Shoulda taken more spin classes, she thought, and had to fight the crazy urge to laugh.

Her hand closed on the rifle just as Haggen’s hand closed on her ankle. She rolled again, bringing the rifle up and squeezing the trigger—she didn’t have a second of hesitation, and some remote part of her was aware that instinctively she didn’t even think of Haggen as a person any more. In some dark, deep part of her, some ancient reptilian place, she’d decided that Jimmy Haggen should have died, and this was a monster.

The rifle bucked just slightly in her shaking, sweaty hands and the shots went wide.

Haggen surged up, growling, and she shoved the rifle up at him, connecting with his nose with a crunch she felt in her arm, a lance of pain shooting up into her brain. He staggered back, lost his footing, and landed on his ass, making the whole floor jump. She pointed the rifle at him again.

They each sat, breathing hard.

“Cuddyer,” he said between gasps, blood running down his face. She didn’t know how he could have more blood in him. She didn’t know how he could be alive. She felt her sense of gravity fading away again, lost to insanity. “Candace, don’t do this.”

“I can’t let you do this, Jimmy,” she said. “Erasing people. Setting yourself up as—what? King? God? Is that it? You can’t be killed, then what?” She blinked, a non-memory hitting her. “Jesus, you wanted them to kill you,” she said quietly. “You’d put in your code, you’d changed your variables, but you had to push the button, and you were afraid. You wanted them to make the decision for you.”

He smiled, blood in his teeth. “Cuddyer, I don’t mean this mean, but you’re out of your league here.”

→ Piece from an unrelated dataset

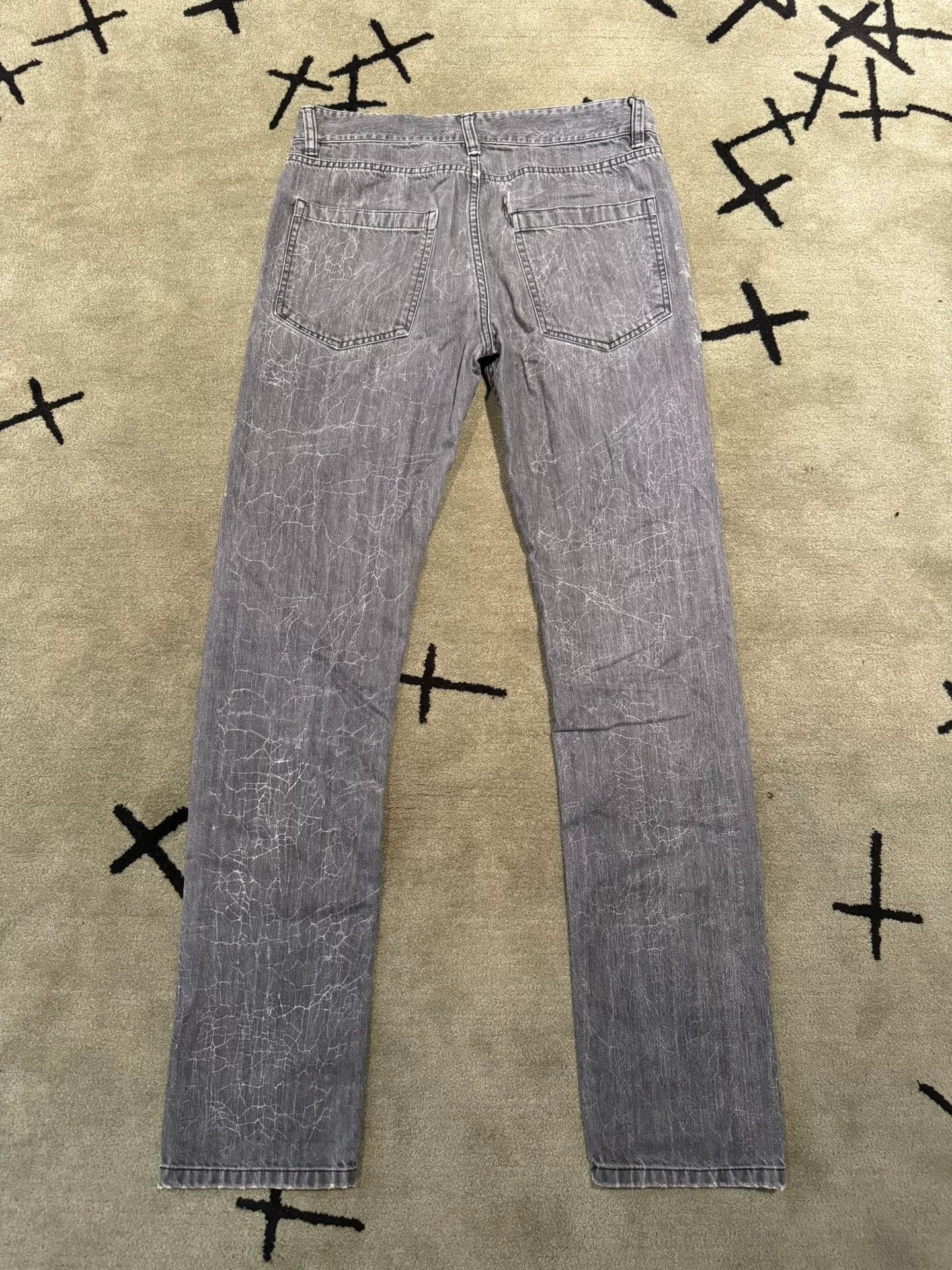 Raf by Raf Simons Raf Simons Archive Cracked Spider Web Jeans Size US 32 / EU 48 - 3 Thumbnail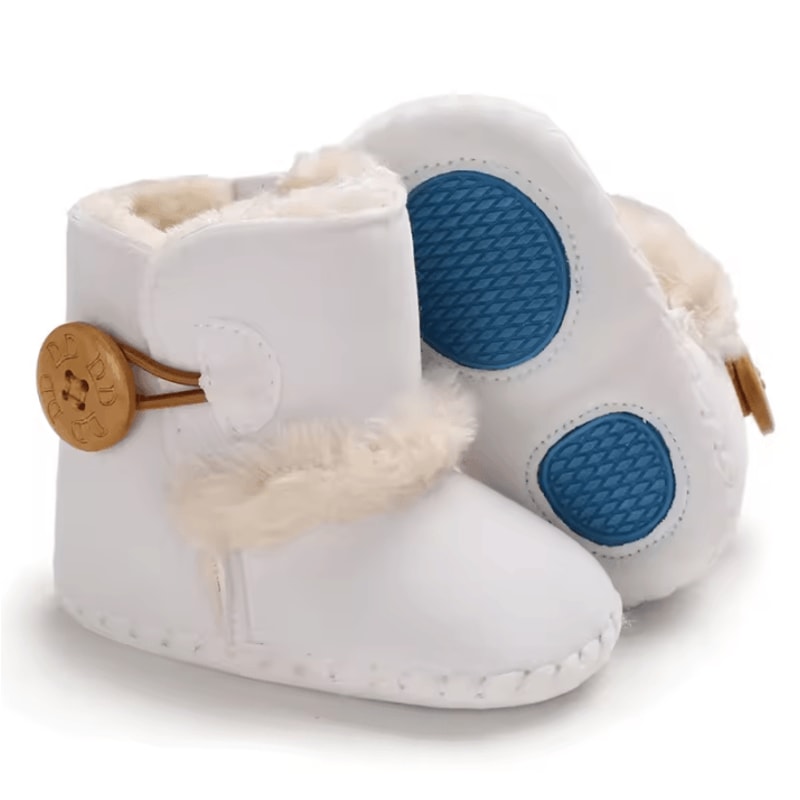 WarmStep Baby Snow Boots Plush Infant First Walking Shoes With AntiSlip Rubber Sole 2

She shook her head. “I can’t let you do it, Jimmy. They’re good people—”

“We don’t know them. Malloy? Hammond? Tourists.”

“Glen?”

Haggen shrugged. “I brought Glen in. He tried to screw me over, so he’s out.” He took a deep breath. “You’re here, Candace. And you and me—I’m not cutting you out. This,” he gestured at himself, “this I get. I understand.” He held up his hands. “No worries. Put the gun down, let me get set up. You get input on every decision. You don’t want something—you want, what, Malloy to be okay? Okay, he’s okay. I’m flexible. I’m not crazy.”

Jesus, am I negotiating to keep people from being erased? she thought, head spinning. Her back burned in agony, her arm was weak and shaky and aching. She felt like she couldn’t catch her breath. Like there wasn’t enough oxygen in the room.

She closed her eyes.

A loud, sour noise filled the air, startling her. She jumped and opened her eyes, but Haggen was already coming at her. He crashed into her, his blood soaking into her clothes, and then the rifle was torn from her slick hands and he shoved forcefully to the floor. She looked up and he had the rifle aimed directly at her, standing over her like a hunter over his kill.

They stared at each other for a moment.

“What’s that?” she finally asked.

He blinked and looked around. After a moment he stepped back, raising the rifle. “Motion sensors,” he said. Then he looked back at her, his expression terrifying. “Visitors.”